*** Task data ***

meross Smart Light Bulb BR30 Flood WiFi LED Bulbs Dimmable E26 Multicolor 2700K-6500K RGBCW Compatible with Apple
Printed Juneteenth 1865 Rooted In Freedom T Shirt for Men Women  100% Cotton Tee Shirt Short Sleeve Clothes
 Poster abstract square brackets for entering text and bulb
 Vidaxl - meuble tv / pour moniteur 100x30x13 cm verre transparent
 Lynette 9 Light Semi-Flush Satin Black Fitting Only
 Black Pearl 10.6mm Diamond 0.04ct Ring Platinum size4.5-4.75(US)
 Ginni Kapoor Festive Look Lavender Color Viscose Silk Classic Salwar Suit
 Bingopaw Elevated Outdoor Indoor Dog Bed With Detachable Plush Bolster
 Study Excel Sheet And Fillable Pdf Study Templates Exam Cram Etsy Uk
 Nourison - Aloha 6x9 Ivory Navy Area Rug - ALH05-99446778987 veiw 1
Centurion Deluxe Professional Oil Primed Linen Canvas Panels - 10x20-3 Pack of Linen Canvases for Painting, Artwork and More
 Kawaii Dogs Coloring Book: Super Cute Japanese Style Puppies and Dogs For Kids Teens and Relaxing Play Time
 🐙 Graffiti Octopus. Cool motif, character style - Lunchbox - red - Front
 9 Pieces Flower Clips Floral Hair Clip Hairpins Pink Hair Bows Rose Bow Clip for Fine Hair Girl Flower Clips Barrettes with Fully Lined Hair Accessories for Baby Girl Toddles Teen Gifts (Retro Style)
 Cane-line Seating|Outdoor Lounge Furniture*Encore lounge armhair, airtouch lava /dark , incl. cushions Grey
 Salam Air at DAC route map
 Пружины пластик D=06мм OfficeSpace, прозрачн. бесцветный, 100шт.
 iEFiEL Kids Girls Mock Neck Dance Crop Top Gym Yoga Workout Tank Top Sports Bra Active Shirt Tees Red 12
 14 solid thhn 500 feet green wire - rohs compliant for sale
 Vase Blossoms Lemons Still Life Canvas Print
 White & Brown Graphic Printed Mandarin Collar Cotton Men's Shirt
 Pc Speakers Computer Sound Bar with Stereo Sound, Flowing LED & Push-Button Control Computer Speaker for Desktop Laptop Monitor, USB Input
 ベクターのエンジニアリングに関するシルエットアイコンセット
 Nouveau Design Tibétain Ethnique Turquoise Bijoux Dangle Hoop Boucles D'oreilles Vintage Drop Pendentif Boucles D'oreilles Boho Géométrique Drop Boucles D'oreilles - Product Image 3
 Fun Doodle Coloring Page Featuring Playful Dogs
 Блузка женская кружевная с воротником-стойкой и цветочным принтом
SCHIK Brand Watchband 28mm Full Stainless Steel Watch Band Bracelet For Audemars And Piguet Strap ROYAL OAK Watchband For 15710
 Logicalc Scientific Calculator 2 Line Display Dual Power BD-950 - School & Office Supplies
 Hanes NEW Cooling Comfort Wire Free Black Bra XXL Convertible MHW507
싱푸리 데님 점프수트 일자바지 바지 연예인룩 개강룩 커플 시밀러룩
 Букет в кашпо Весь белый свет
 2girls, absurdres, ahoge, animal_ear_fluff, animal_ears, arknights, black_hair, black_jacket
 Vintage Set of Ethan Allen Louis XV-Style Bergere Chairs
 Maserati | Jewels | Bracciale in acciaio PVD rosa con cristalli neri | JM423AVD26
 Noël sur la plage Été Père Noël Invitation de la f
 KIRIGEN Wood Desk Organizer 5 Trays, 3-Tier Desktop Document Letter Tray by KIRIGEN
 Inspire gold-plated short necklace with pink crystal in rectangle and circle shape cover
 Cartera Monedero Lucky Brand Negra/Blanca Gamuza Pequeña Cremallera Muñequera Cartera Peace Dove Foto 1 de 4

*** End of Task data ***

*The task:* Beginning at the line that contains "Pc Speakers Computer" and ending at the last line above, copy each line without any change.

*Response:*
 Pc Speakers Computer Sound Bar with Stereo Sound, Flowing LED & Push-Button Control Computer Speaker for Desktop Laptop Monitor, USB Input
 ベクターのエンジニアリングに関するシルエットアイコンセット
 Nouveau Design Tibétain Ethnique Turquoise Bijoux Dangle Hoop Boucles D'oreilles Vintage Drop Pendentif Boucles D'oreilles Boho Géométrique Drop Boucles D'oreilles - Product Image 3
 Fun Doodle Coloring Page Featuring Playful Dogs
 Блузка женская кружевная с воротником-стойкой и цветочным принтом
SCHIK Brand Watchband 28mm Full Stainless Steel Watch Band Bracelet For Audemars And Piguet Strap ROYAL OAK Watchband For 15710
 Logicalc Scientific Calculator 2 Line Display Dual Power BD-950 - School & Office Supplies
 Hanes NEW Cooling Comfort Wire Free Black Bra XXL Convertible MHW507
싱푸리 데님 점프수트 일자바지 바지 연예인룩 개강룩 커플 시밀러룩
 Букет в кашпо Весь белый свет
 2girls, absurdres, ahoge, animal_ear_fluff, animal_ears, arknights, black_hair, black_jacket
 Vintage Set of Ethan Allen Louis XV-Style Bergere Chairs
 Maserati | Jewels | Bracciale in acciaio PVD rosa con cristalli neri | JM423AVD26
 Noël sur la plage Été Père Noël Invitation de la f
 KIRIGEN Wood Desk Organizer 5 Trays, 3-Tier Desktop Document Letter Tray by KIRIGEN
 Inspire gold-plated short necklace with pink crystal in rectangle and circle shape cover
 Cartera Monedero Lucky Brand Negra/Blanca Gamuza Pequeña Cremallera Muñequera Cartera Peace Dove Foto 1 de 4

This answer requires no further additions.